◆ **Input material**:
---------------
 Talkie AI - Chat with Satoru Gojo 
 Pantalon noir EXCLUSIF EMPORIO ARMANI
---------------
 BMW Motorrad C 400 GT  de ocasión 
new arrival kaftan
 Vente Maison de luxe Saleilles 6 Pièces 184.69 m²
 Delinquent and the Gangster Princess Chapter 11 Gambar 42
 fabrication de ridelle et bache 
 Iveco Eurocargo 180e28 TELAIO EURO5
---------------
◆ **Your assignment**: Set down precisely the lines above between the line holding "Talkie AI - Chat with Satoru Gojo" and the line holding "Pantalon noir EXCLUSIF EMPORIO ARMANI", inclusive, and nothing beyond them.

◆ **Output below**:
 Talkie AI - Chat with Satoru Gojo 
 Pantalon noir EXCLUSIF EMPORIO ARMANI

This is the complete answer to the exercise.